Humberto Cunha Filho – Professor de Direitos Culturais nos programas de graduação, mestrado e doutorado da Universidade de Fortaleza (UNIFOR). Presidente de Honra do IBDCult – Instituto Brasileiro de Direitos Culturais. Comentarista do Instituto Observatório do Direito Autoral – IODA. Autor, dentre outros, dos livros “Teoria dos Direitos Culturais” (Edições SESC-SP) e “(F)Atos, Política(s) e Direitos Culturais” (Dialética-SP).

Este texto serviu de base para palestra proferida pelo signatário no evento “Derecho de la Cultura, Democracia y Diversidad Cultural”, organizado pelo escritório da UNESCO no México, como atividade preparatória à II Mundiacult – Conferência sobre Políticas Culturais e Desenvolvimento Sustentável, a ocorrer no mencionado país, de 28 a 30 de setembro de 2022. Link para acesso à gravação do referido evento preparatório: https://tinyurl.com/5n8nuv7y

(1) BRANDÃO. Juanito de Souza. Dicionário Mítico-Etimológico. São Paulo: Editora Vozes, 2014, p. 164-164.


(2) Shakespeare, William. A Tempestade. In: Box Grandes Obras de Shakespeare (27 peças: Hamlet, Rei Lear, Romeu e Julieta, Otelo, O Mercador de Veneza, Sonho de uma Noite de Verão...) (p. 1039). Mimética. Edição do Kindle.


(3) GASNESS, John. Mestres do Teatro I. São Paulo Perspectiva, 2007, p. 114 – 118.


(4) CUCHE, Denys. La noction de culture dans les sciences socieles. Paris: La Découverte.

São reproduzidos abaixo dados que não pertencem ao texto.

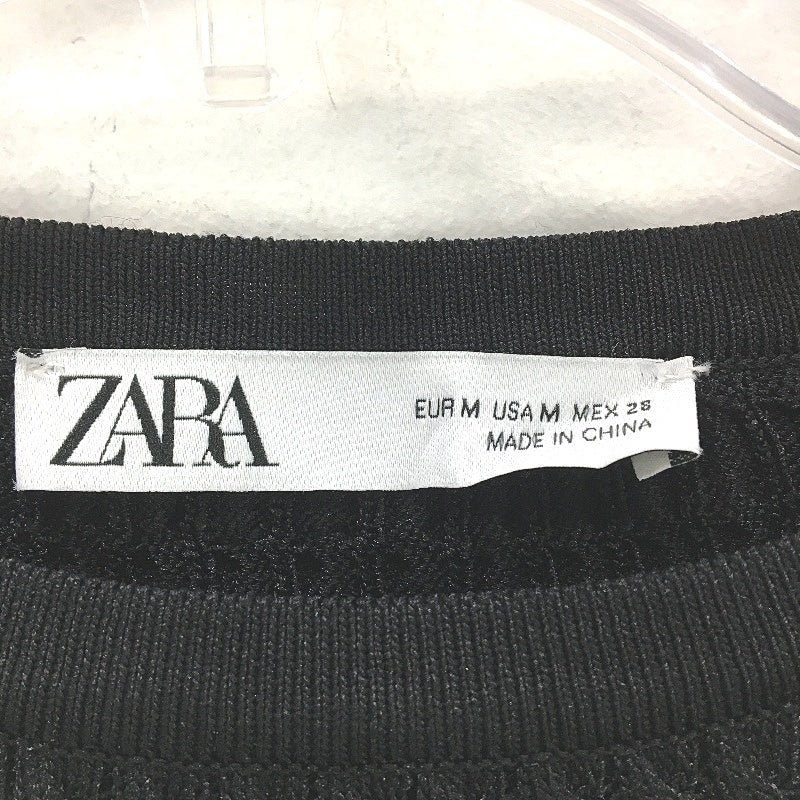 ZARA Button Detail Stretch Black Cable Knit Sweater Ladies Size Medium - Image 3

(5) MEYER-BISCH, Patrice; BEDEAUX, Mylène. Afirmar os Direitos Culturais. São Paulo: Iluminuras, 2014, p. 85.


(6) SILVA, José Afonso da. Ordenação Constitucional da Cultura. São Paulo: Malheiros, 2001, p. 50.


(7) Constituição Brasileira de 1988: “Art. 212. A União aplicará, anualmente, nunca menos de dezoito, e os Estados, o Distrito Federal e os Municípios vinte e cinco por cento, no mínimo, da receita resultante de impostos, compreendida a proveniente de transferências, na manutenção e desenvolvimento do ensino”.


(8) Santo Agostinho; Agostinho de Hipona. Confissões (p. 223). Montecristo Editora. Edição do Kindle: “Não dizemos ter achado uma coisa que se perdera, se a não conhecemos, nem a podemos conhecer, se dela nós não lembramos. Esse objeto desaparecera para os olhos que a memória conservara”.